Move over Aunt Jemina!

I used to love to make Aunt Jemina's pancakes, but after my then 9 month child ate a Ritz cracker and had a major allegic reaction, that all changed.  She never got to taste Aunt Jemina's, but mine are even better and better for you!  After receiving the results of her RAST test the doctor was more in shock than we were with the results. I had to figure out how to feed my child without using wheat, oats, barley, rye, corn, rice, beef, milk, soy and eggs, because she was allergic to them all.
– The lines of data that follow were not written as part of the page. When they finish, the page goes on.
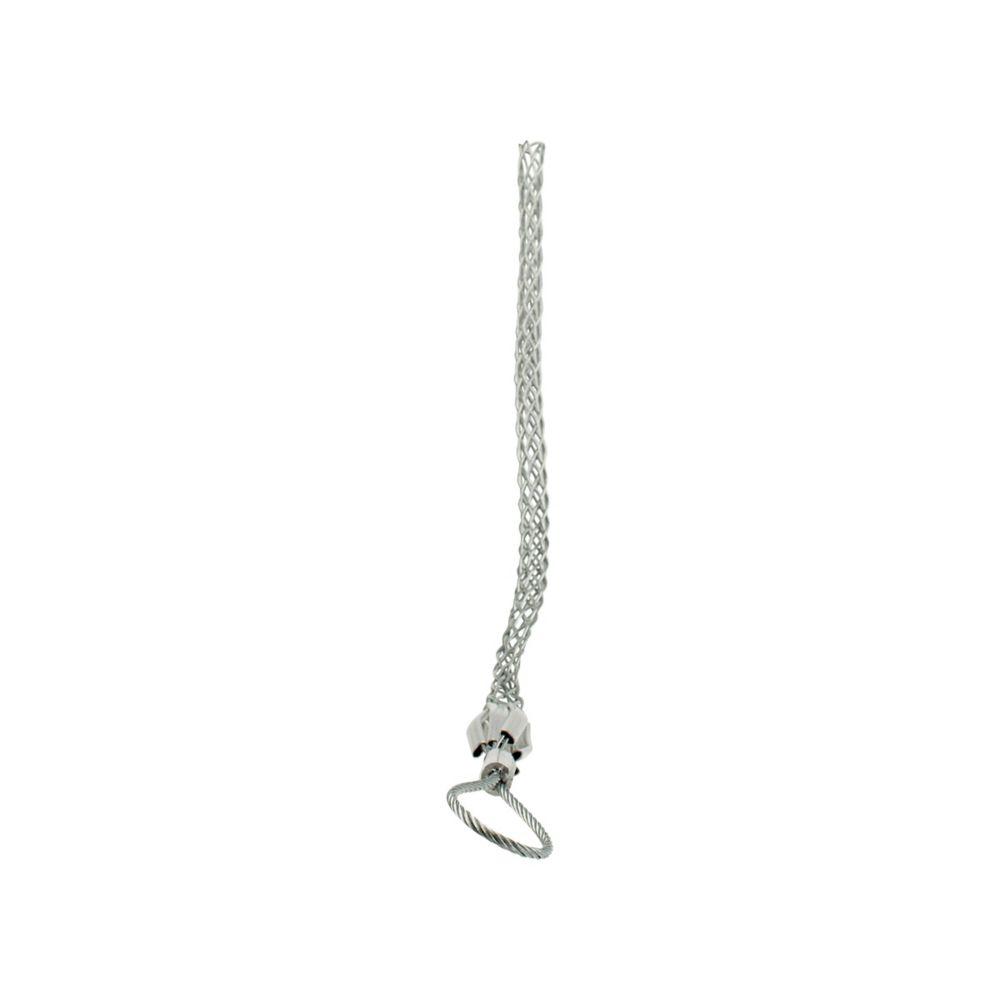 Pull Grip Light 20&#34; Mesh 1.00-1.24&#34;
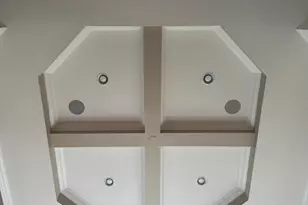 7702 Trammell Rd, Annandale, VA 22003 - Photo 19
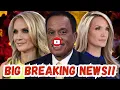 Wonderful News Is Dana Perino Leaving Five Shocked You
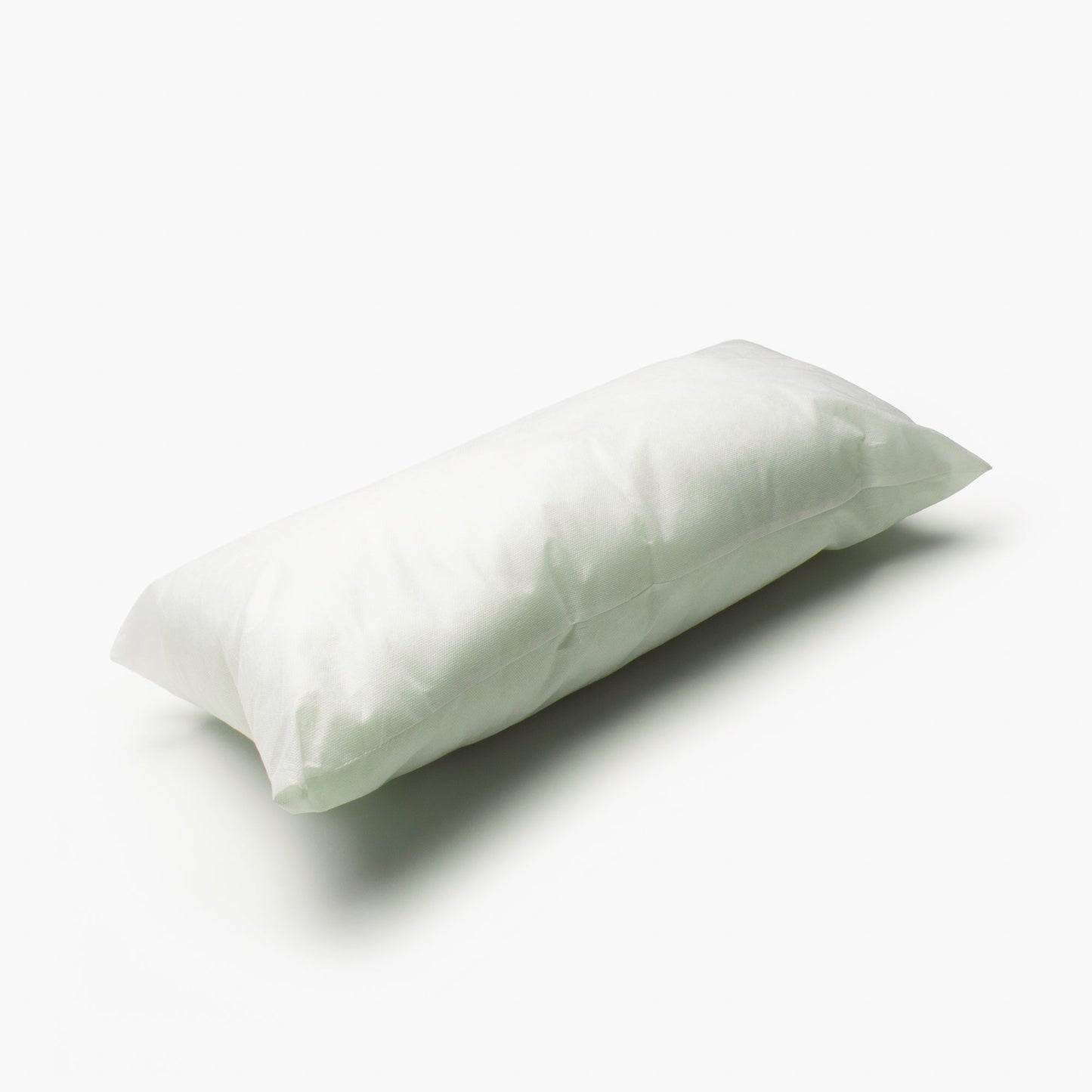 Scatter Cushion Inner 60cm x 30cm - (Siliconized Fibre) - Ragland Fabrics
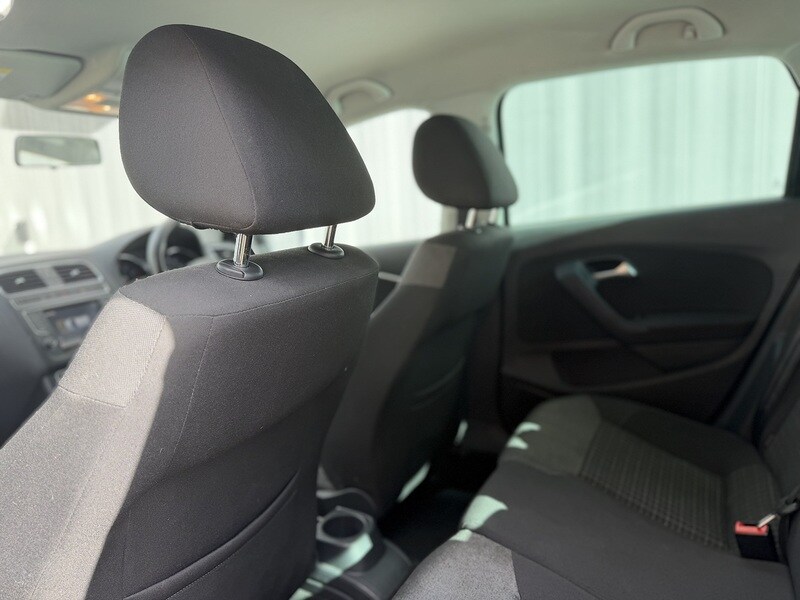 Used Volkswagen Polo for sale - 77836566: Photo 34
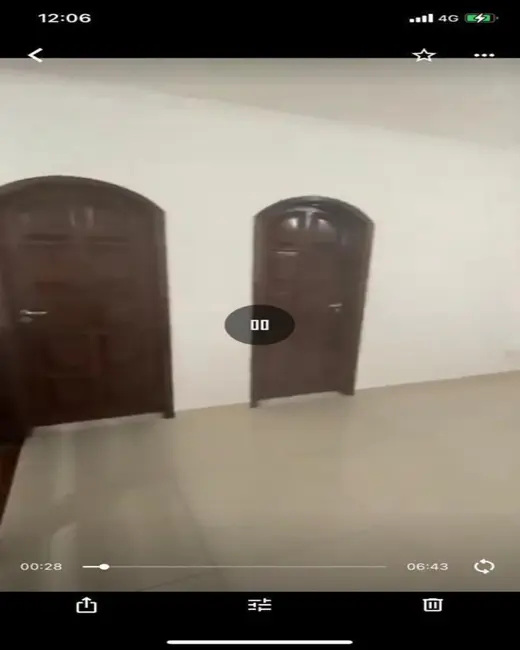 Foto 21 de Sala Comercial com 4 quartos para alugar, 240m2 em Rio Vermelho, Salvador - BA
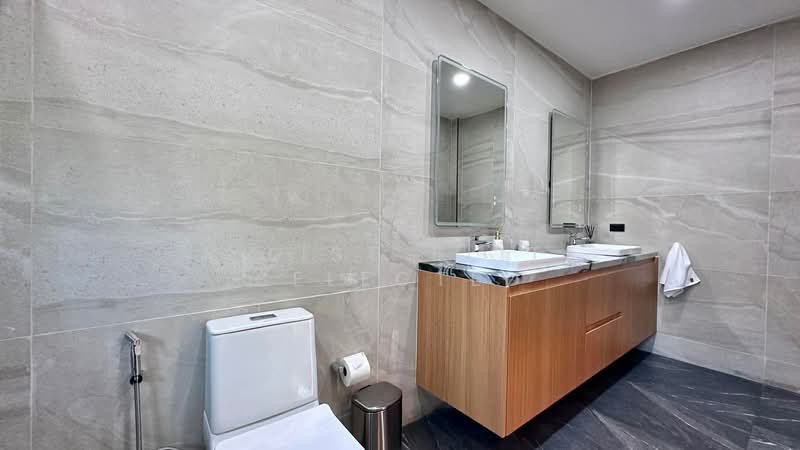 Pattaya Tower, Chon Buri (Pattaya), 79 Pattaya 4, Bang Lamung, Bang Lamung (Pattaya), Chon Buri (Pattaya), 5 Bedrooms, 365 sqm, Condo For Sale, by A LIST ELITE SELECTED, 500252100 - DDproperty.com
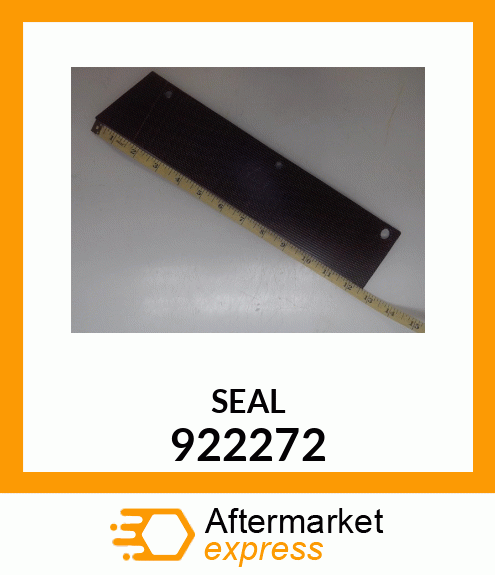 SEAL 922272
My brother-in-law, who is the most finicky eater in the family, loves them and asked me to make a large batch for him to freeze and take back to college with him!


3/4 cup sorghum (Bob Red Mill's)
1/3 cup potato starch (EnerG)
1/4 cup of tapioca + 2 Tablespoon (EnerG)
2 Tablespoons of sugar
2 Tablespoons of canola oil
2 teaspoons of pure vanilla (Frontier-Alcohol-free)
1/2 teaspoon of sea salt
1/2 teaspoon of baking powder
1/4 teaspoon + 1/8 teaspoon of baking soda
1 individal applesauce made of just applesauce and water (1/2 cup scant of applesauce)
2/3 cup of water

1.  Preheat griddle to 350.
2.  Put all ingridents in a bowl and whisk together.  I put them in the bowl in this order.  Whisk about 40 times and let sit for at least 5 minutes.  You want to see bubbles on the surface.

3.  Pour on the griddle in circles. When it looks like this flip the pancakes.  

















4. How it looks after it is cooked.

5.  The pancakes have a mild vanilla flavor.  They are light and fluffy. Yum!